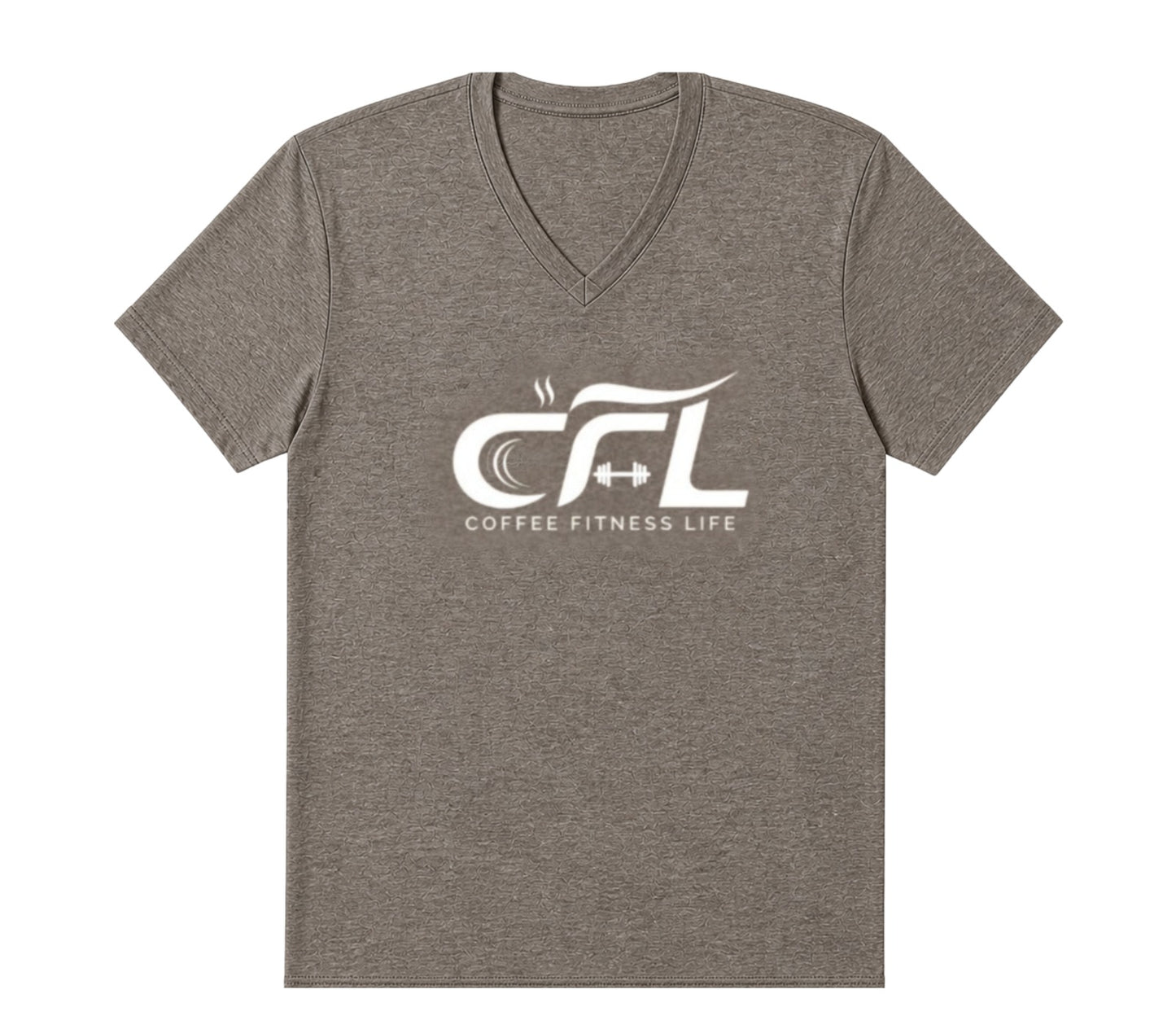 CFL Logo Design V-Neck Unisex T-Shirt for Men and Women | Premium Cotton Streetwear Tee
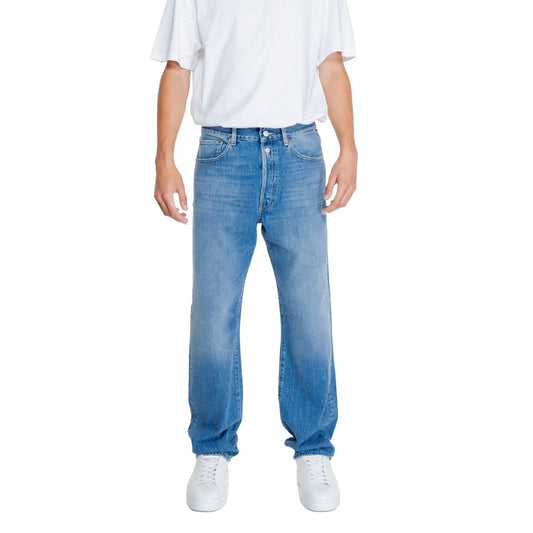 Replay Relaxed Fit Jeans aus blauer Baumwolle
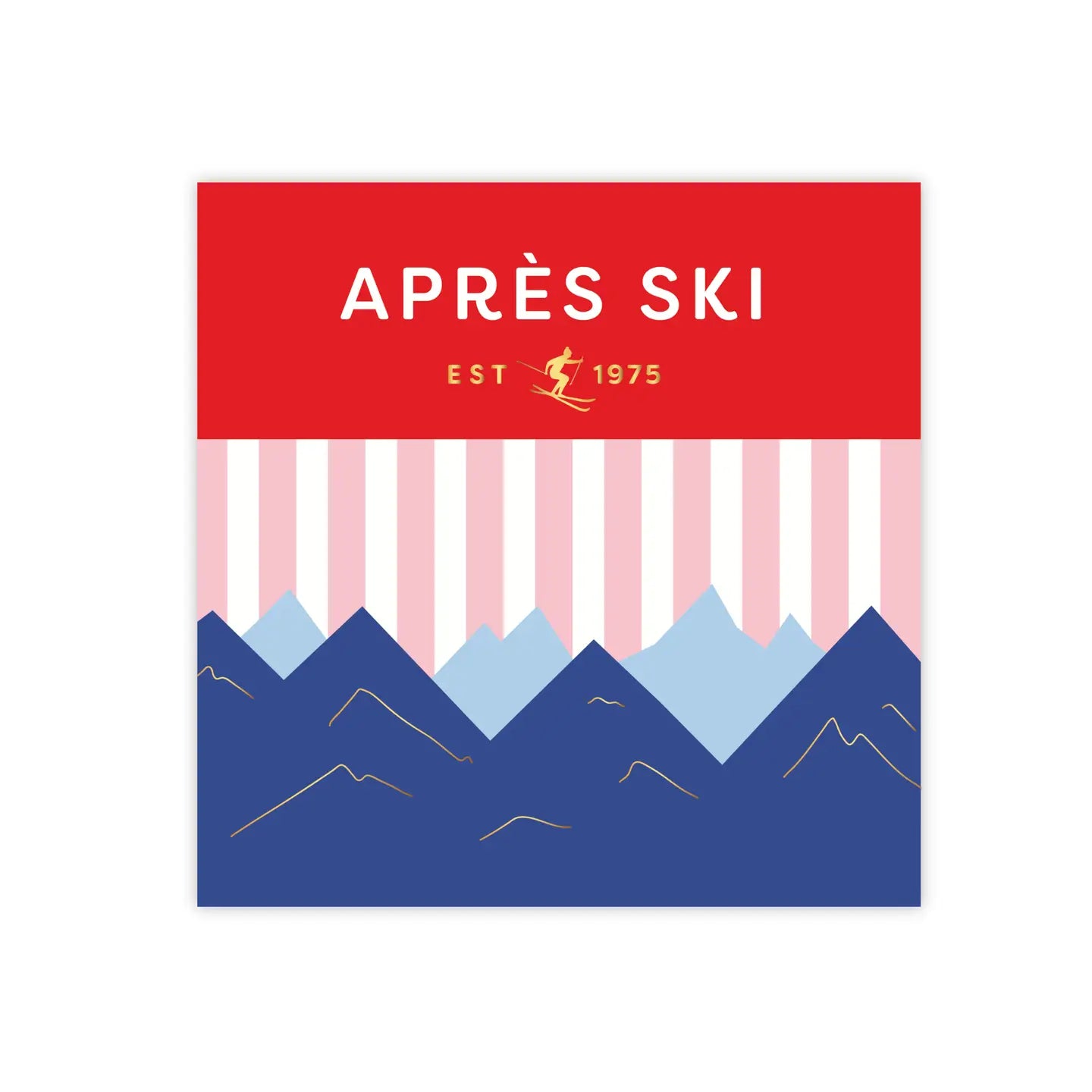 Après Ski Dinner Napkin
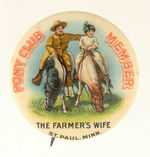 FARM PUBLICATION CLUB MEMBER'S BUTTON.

####################

PROBLEM DESCRIPTION: Return the material verbatim; the images are not to appear in the copy.

OUTPUT OF THE EXERCISE:
 CFL Logo Design V-Neck Unisex T-Shirt for Men and Women | Premium Cotton Streetwear Tee
 Replay Relaxed Fit Jeans aus blauer Baumwolle
 Après Ski Dinner Napkin
 FARM PUBLICATION CLUB MEMBER'S BUTTON.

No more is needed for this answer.